Now, one councilwoman is proposing ending it altogether until city leaders can come up with an inclusive approach.
Traditionally, the Greater Huntington Beach Interfaith Council has nominated religious leaders to speak at the council’s religious invocation, offering a variety of speakers from different faiths.
But the council’s new Republican majority ordered the drafting of new rules that would have the city choose who can give an invocation in February, saying the current process was too politicized.
[Read: Huntington Beach Looks To Limit Who Leads Prayers Before Meetings]
To fill in, the city has had chaplains from the police and fire departments of the Christian faith offer a prayer at the start of each meeting, but there’s been no update to when a new policy is coming.
Councilwoman Natalie Moser, the most outspoken critic of the city’s shift away from the Interfaith Council on the dais, is proposing the city instead just holds a moment of silence during invocations to avoid the appearance of any faiths receiving favoritism.
“While the Chaplain’s service during this transition period is greatly appreciated, it is not the rotating system that Council has requested,” Moser wrote in a memo to her council colleagues. “(A moment of silence) would lend the same solemnity that invocations do, while respecting the diversity of faiths and beliefs of our community.”
In an interview with Voice of OC, Moser said while she didn’t want to move forward with only a moment of silence, it’s the city’s best option until they find a more inclusive route.
“I know it’s possible to do it right, but all I’ve seen so far is nothing, and what I have seen is only one faith group represented in that time,” Moser said of the council’s current policy. “If we can’t do that, then we have the option for a moment of silence, and while it’s not my preference that may be where we’re at.”
Councilwoman Gracey Van Der Mark, who proposed the new invocation process, did not return requests for comment from Voice of OC, but pledged to fight Moser’s idea at Calvary Chapel of the Harbour’s Sunday service when she was invited on stage.
“The issue that concerns us is an item that was brought forward to eliminate prayer at the beginning of our meetings and substitute it with a moment of silence,” Van Der Mark said. “I never thought we’d be standing here fighting to continue having prayer.”
Van Der Mark also encouraged the church attendees to either show up at the meeting or write a letter protesting Moser’s idea.
“We still have a country that has freedom of religion,” said senior pastor Joe Pedick. “This is all ridiculous, this is all an attack to shut down God…we need to fight for this country but it starts here in Huntington Beach.”
Pedick then prayed over Van Der Mark and the rest of the council’s conservative majority and wished them luck in the Tuesday night vote.
Moser called Van Der Mark’s remarks at the church “inappropriate,” and said she’s already received emails calling her “morally bankrupt,” or that she’s trying to eliminate prayer.
“The reality is I’m trying to create a constitutionally sound policy that represents the entire community,” Moser said.
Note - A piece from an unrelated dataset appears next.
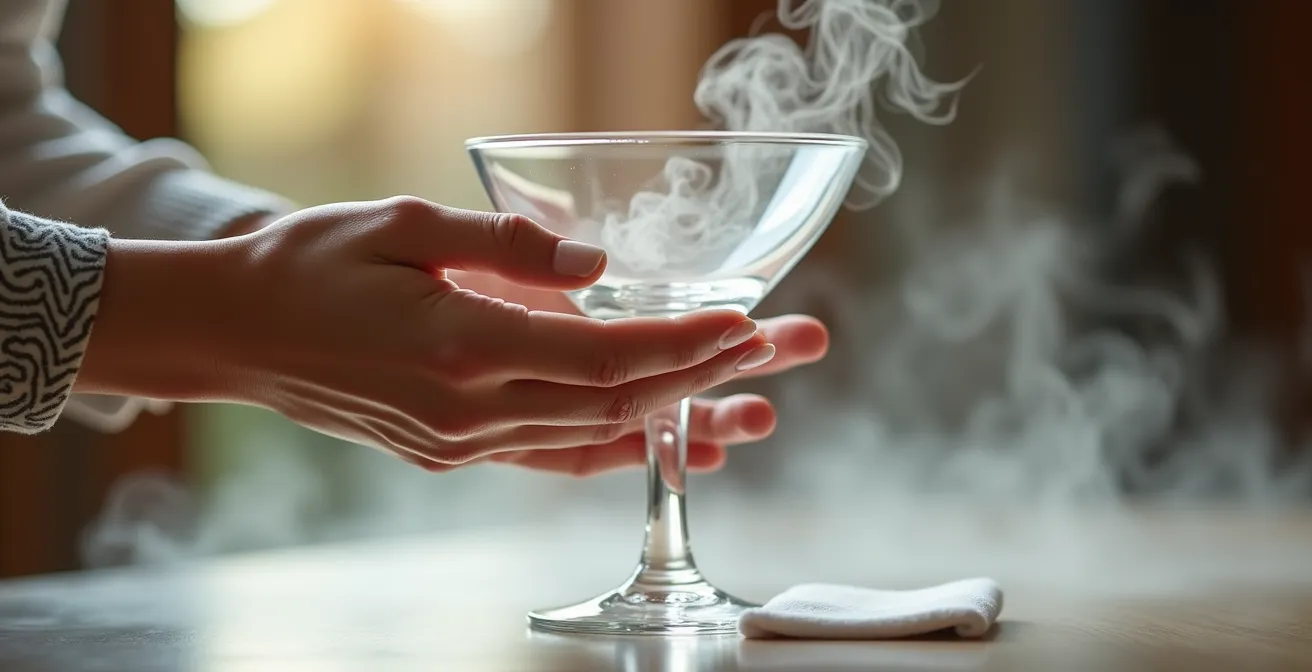 Mains expertes tenant un verre cristallin au-dessus de vapeur avec chiffon microfibre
Van Der Mark and the rest of the majority’s complaints revolved around Rabbi Stephen Einstein, a member of the Interfaith Council, claiming his prayer in front of city leaders on Dec. 6 was politically biased.
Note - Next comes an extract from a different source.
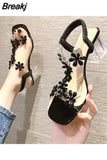 Sandals Women's 2023 Summer New Style Fashion Small Flower Decoration Buckle Transparent Square Heel Women's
Councilman Dan Kalmick said that Moser sponsored Einstein for that invocation, but both said that there was no political motivation behind it.
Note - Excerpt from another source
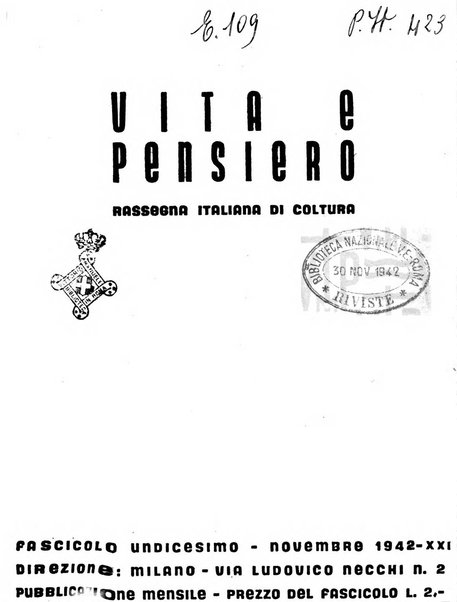 Vita e pensiero rassegna italiana di coltura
“There wasn’t a lot of thought put into it. Let me put it that way. There wasn’t scheming,” Kalmick said in an interview last month. “There wasn’t like an analysis with a whiteboard and a spreadsheet. This was literally like a 30 second conversation.”
While Einstein did not openly state any political views during his invocation, he has been a vocal critic of Van Der Mark over the last several years, calling for her to be investigated in 2018 after she posted material online he described as anti-semitic, Islamophobic and racist.
While Van Der Mark was not removed from her post on the city’s finance commission at the time, she was removed from posts with the Ocean View School District.
Mayor Tony Strickland also claimed he’d received “hundreds,” of complaints about the invocation system, but a Voice of OC public records request found most complaints submitted to the city were over the council’s proposed new system, not the old one.
[Read: How Many Residents Really Complained About Prayers at Huntington Beach City Council Meetings?]
In an April interview, Van Der Mark claimed many of the complaints she received were in person or on social media and wouldn’t show up in a public records request.
The council meets at 6 p.m. on Tuesday night, and the meeting will be livestreamed to the city’s YouTube channel.